▸ **DATA FOR THE TASK**
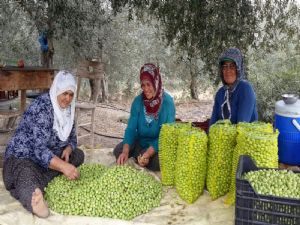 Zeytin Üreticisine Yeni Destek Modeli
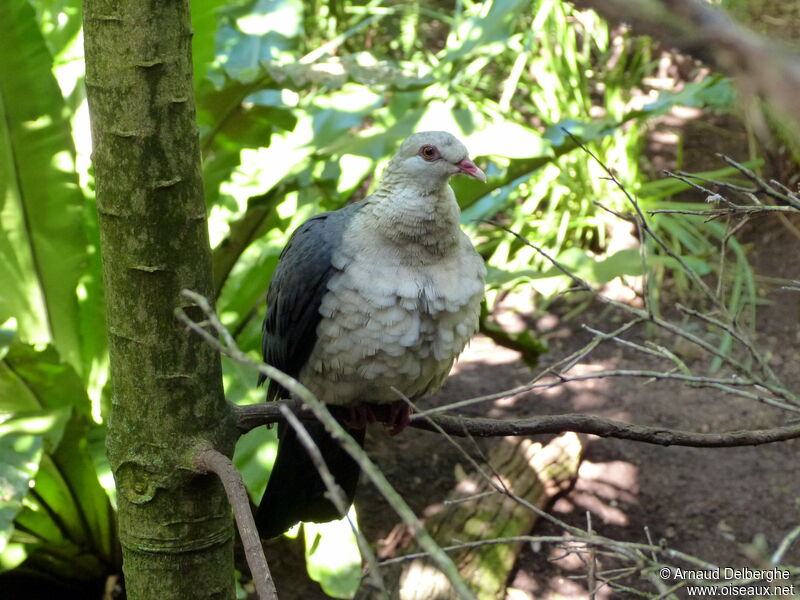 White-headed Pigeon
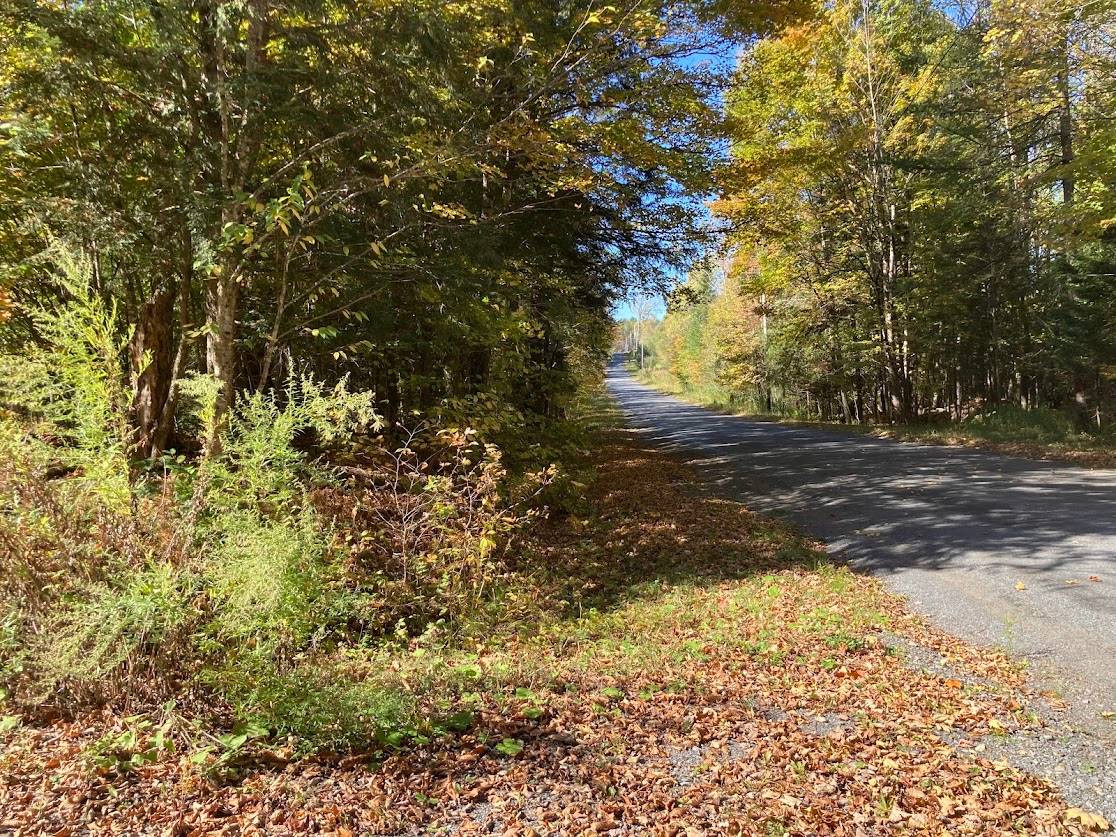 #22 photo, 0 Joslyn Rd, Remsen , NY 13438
---
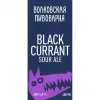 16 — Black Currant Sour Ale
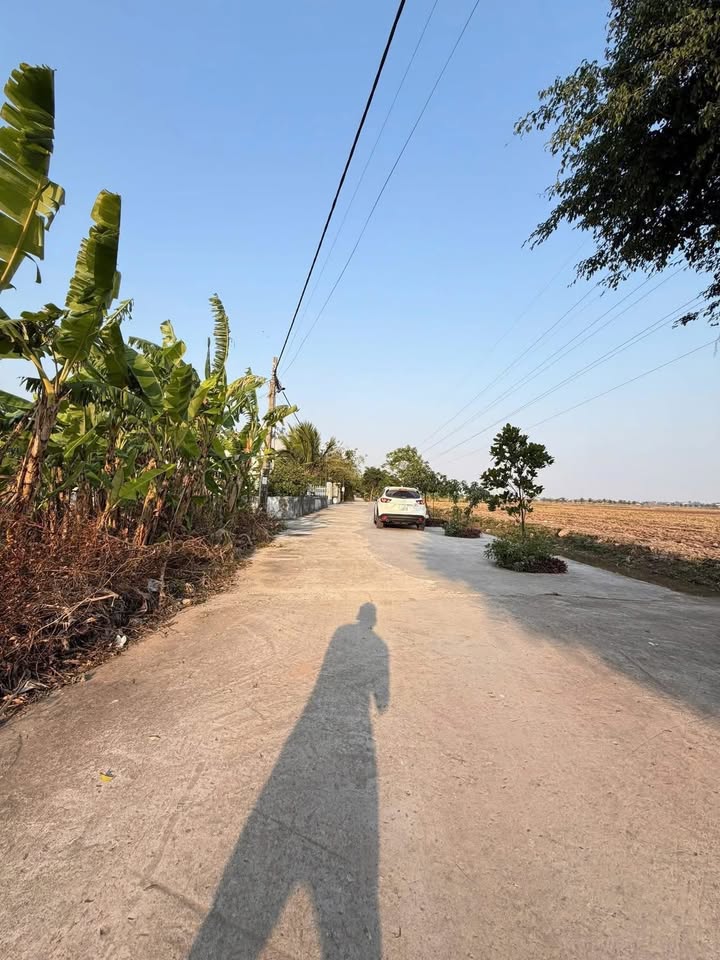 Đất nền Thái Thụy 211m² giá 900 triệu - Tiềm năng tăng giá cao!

▸ **WHAT THIS TASK INVOLVES**
The reply should hold the entries above from the line with "Zeytin Üreticisine Yeni Destek Modeli" to the line with "#22 photo, 0 Joslyn Rd, Remsen , NY 13438", duplicated exactly, pictures excluded.

▸ **TASK RESPONSE**
 Zeytin Üreticisine Yeni Destek Modeli
 White-headed Pigeon
 #22 photo, 0 Joslyn Rd, Remsen , NY 13438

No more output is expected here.